The report says Yukon could see the most growth (2.7 per cent), but Marie-Christine Bernard of the Conference Board said the analysis was done before Capstone Mining announced a possible shutdown this year at the Minto mine, Yukon's only operating mine.

"It's been a difficult three years [in Yukon], and then if Minto ceases operations, it's going to be quite weak for a prolonged period of time," Bernard said.

She said Kaminak's Coffee gold project and Victoria Gold's Eagle Gold project are bright spots on the Yukon horizon, but everything depends on global markets.

"It could take a few years, or more, before we see some stability, enough to bring new mines under development."

Impact of Snap Lake on N.W.T. 

The N.W.T.'s economic outlook is similarly dimmed by its mining sector, at least in the short term, the report says.

The Gahcho Kué diamond project — expected to go into production later this year — will be a boon, but De Beers Canada's decision to shutter the Snap Lake mine will have a huge negative impact.
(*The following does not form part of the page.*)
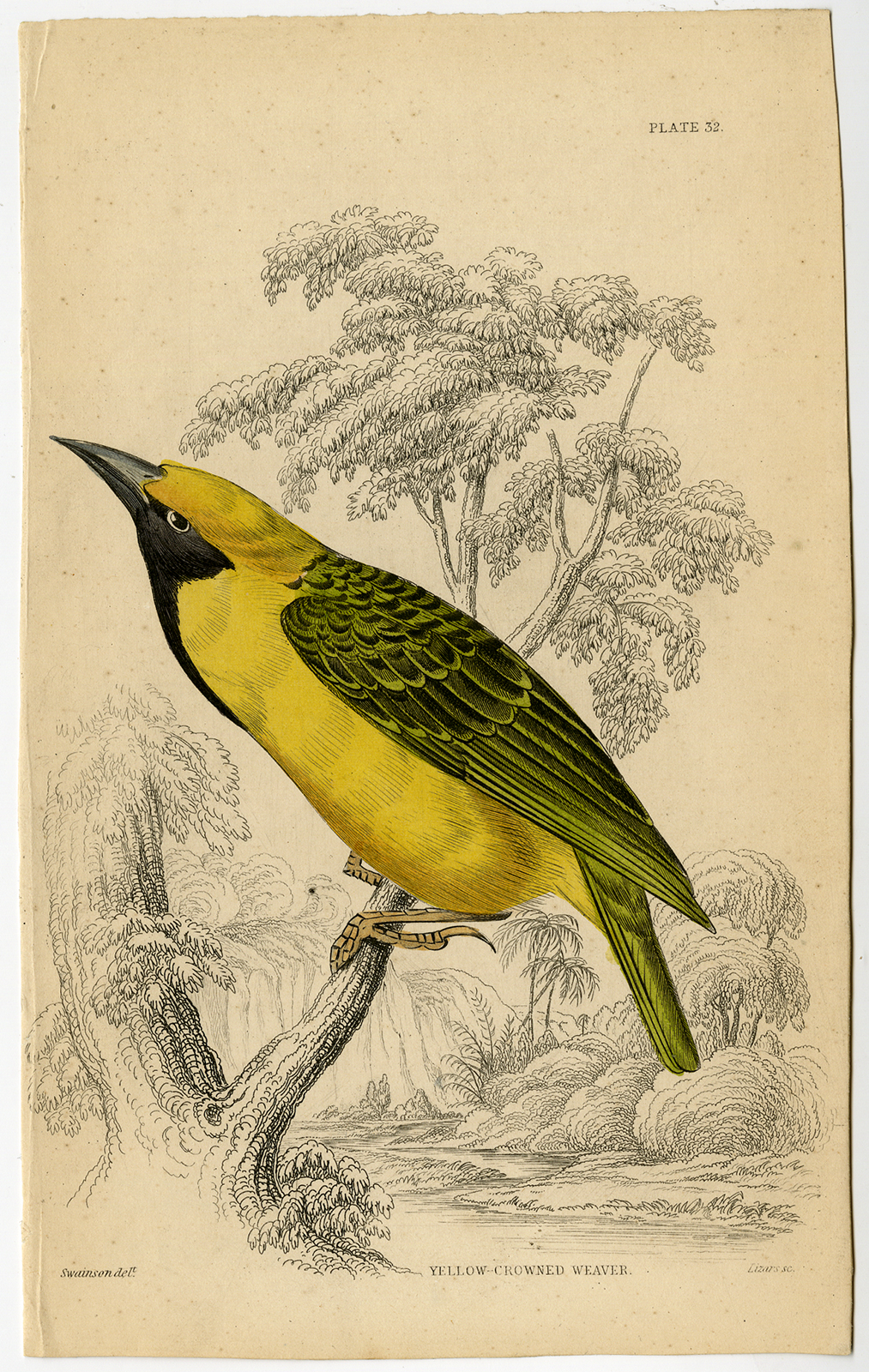 , Antique Print-ORNITHOLOGY-YELLOW CROWNED BISHOP-WEAVER-Swanson-Lizars-ca. 1840, Pictura Antique Prints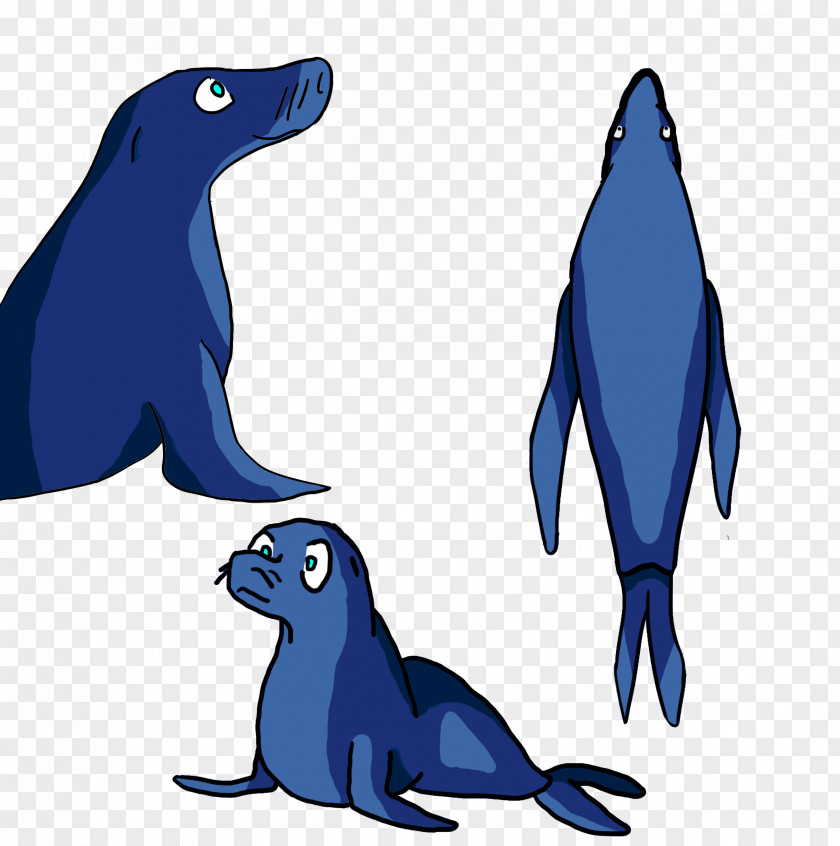 Dolphin Sea Lion Penguin Killer Whale Bird PNG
The mine accounted for about 2.4 per cent of the territory's total GDP.

"When several hundred workers lose their jobs, that's not good news for a territory," Bernard said.

The territory's GDP is expected to rebound significantly in 2017, as Gahcho Kué ramps up production.

Nunavut will also struggle a bit in 2016, the report says, but exploration spending will be higher there than in Yukon, or the N.W.T.

Nunavut will also see significant GDP-boosting public infrastructure spending, with construction of the Canadian High Arctic Research Station (CHARS) and upgrades to the Iqaluit airport.

"That's helping to negate some of the difficulties in the mining sector," Bernard said.

Still, the report underscores how important mining continues to be for the entire Northern economy. When commodity markets suffer, so do the territories.

"The struggles are not over, they're going to continue facing headwinds. I think we'll have to wait a few years before we see things turn around," Bernard said.